Saturday, October 27, 2012

educational administrative bloat

Bursting the administrative bubble


Several blog readers have responded grumpily to my posts suggesting that states might be better off investing incremental education dollars in raising teacher salaries rather than hiring more teachers. Fair enough. But one point many of us have agreed on is that too much of the education budget has gone to hiring more and more administrators. I’ve linked to at least one study that supports this point. Now I’ve got much better ammunition!
According to today’s edition of the Education Gadfly Weekly (published by the Thomas B. Fordham Institute), a new study has found that:
Between 1950 and 2009, the number of K-12 public school students increased by 96 percent. During that same period, the number of full-time equivalent (FTE) school employees grew by 386 percent.
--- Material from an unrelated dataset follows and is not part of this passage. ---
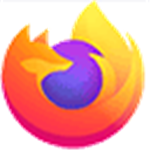 Firefox瀏覽器 v18.5.0中文版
Of those personnel, the number of teachers increased by 252 percent, while the ranks of administrators and other staff grew by 702 percent—more than 7 times the increase in students.
http://www.edexcellence.net/commentary/education-gadfly-weekly/2012/october-25/the-school-staffing-surge.html#body
To put that in perspective, the same article notes that:
if student growth had matched that of non-teaching personnel from 1992 to 2009 and if the teaching force had only grown 1.5 times faster than the pupil enrollment, American public schools would have an additional $37.2 billion to spend per year—the equivalent of an $11,700 a year increase in salary for every American public school teacher.
By the way, the study includes a state by state breakdown. From Fiscal Year 1992 to Fiscal Year 2009, the number of Utah public school students grew 23 percent. The number of Utah teachers grew 29 percent. The number of administrators and other staff grew 69 percent. So while Utah has not experienced the explosive education employment growth that many other states have witnessed (that won’t surprise any of you), the administrator increases still might offer some budget wiggle room.
The presidential candidates are currently dueling over how many new teachers school districts should hire (and, probably more importantly, which level of government should be making these hiring decisions.) Any chance we could spark a debate about how we could raise teacher salaries by thinning administrative ranks?